> **Material to process**:
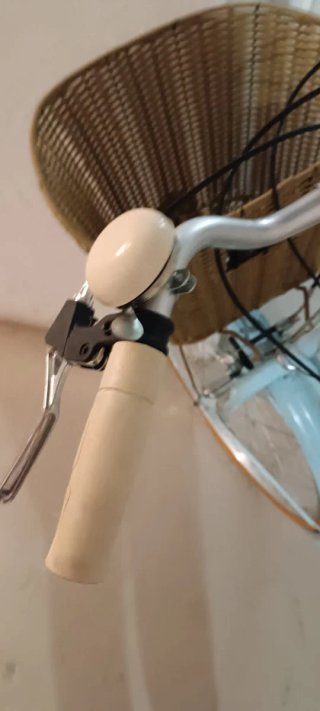 Bicicleta urbana vintage Cinzia con cesto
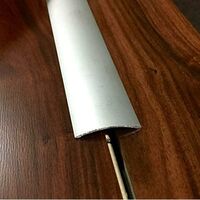GIUNTO SEMITONDO ALLUMINIO ARGENTATO mm. 30X3 cm. 270
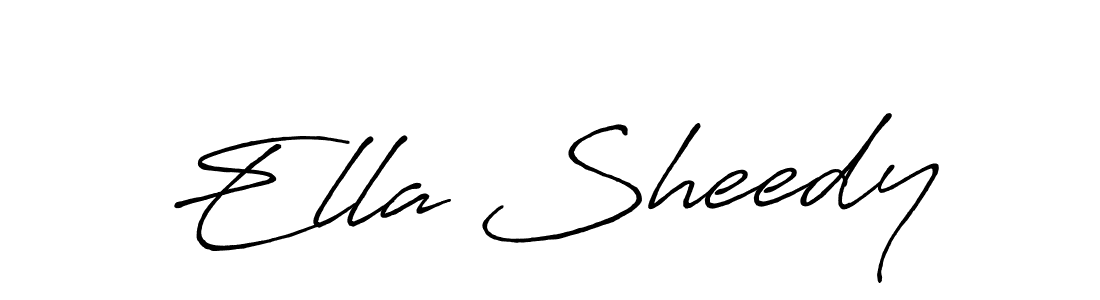 Make a beautiful signature design for name Ella Sheedy. With this signature (Antro_Vectra_Bolder) style, you can create a handwritten signature for free. Ella Sheedy signature style 7 images and pictures png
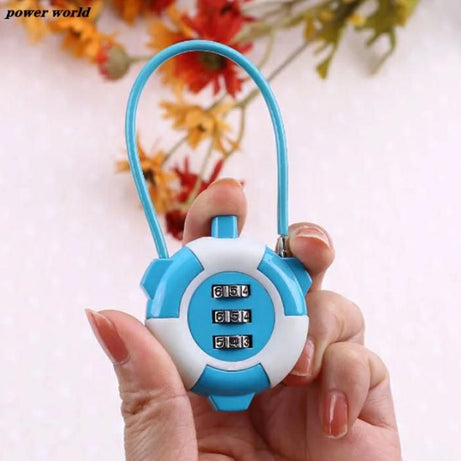Mini Zinc Alloy Cute Cartoon Password Lock Baggage Combination Lock Password Padlocks - Oshi.pk - Buy & Sell Online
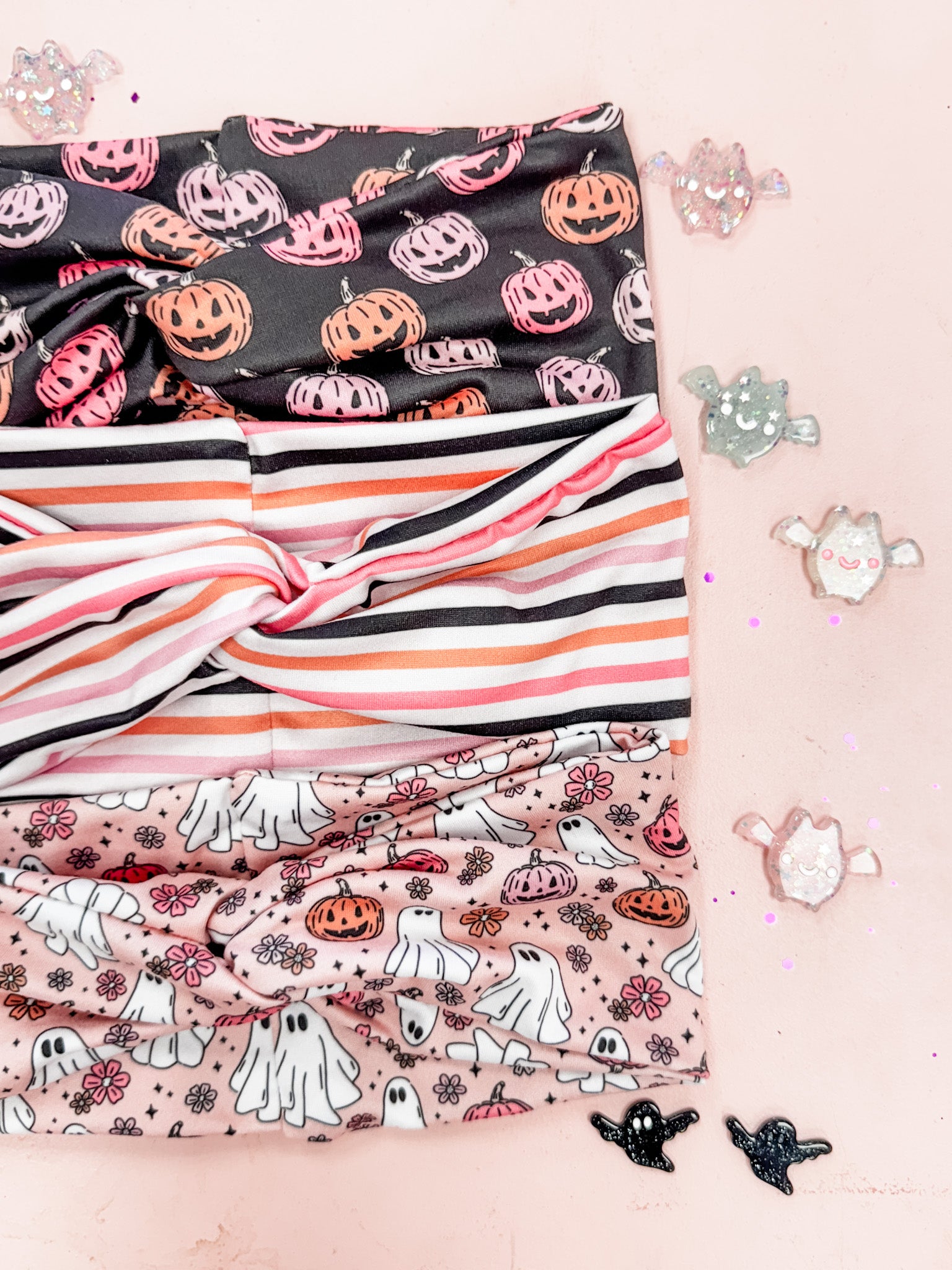 Pink Halloween Turband Headband • 3 Prints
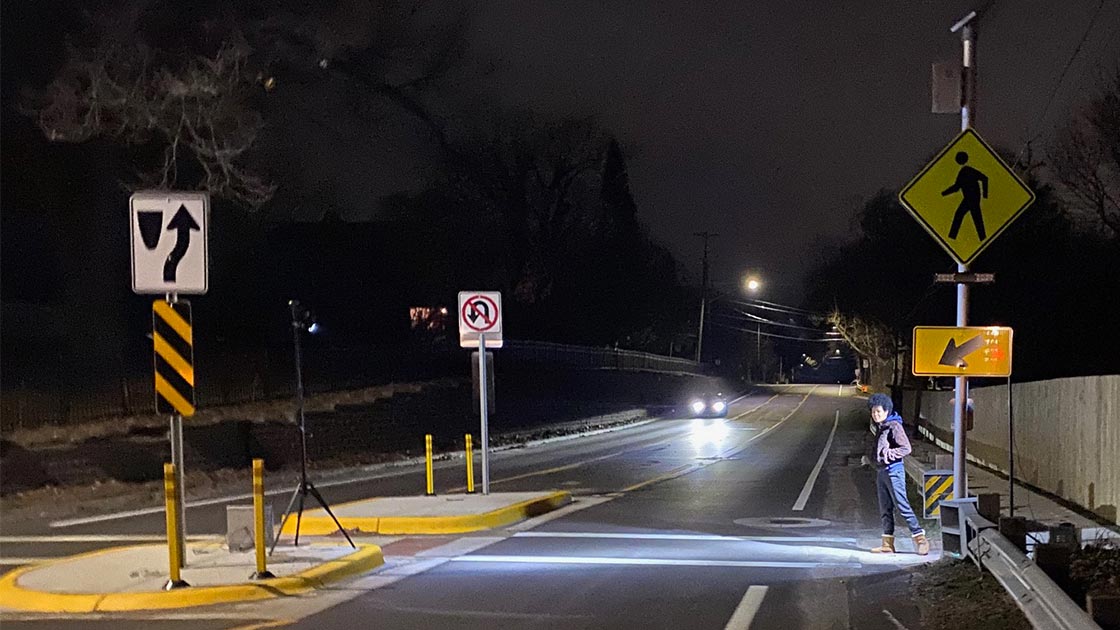 Lighting up crosswalks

> **What you will do**: Restate, exactly as they appear, the line with "Pink Halloween Turband Headband • 3 Prints" and all the lines after it up to the end of the data above; images do not belong in the copy.

> **Solution**:
 Pink Halloween Turband Headband • 3 Prints
 Lighting up crosswalks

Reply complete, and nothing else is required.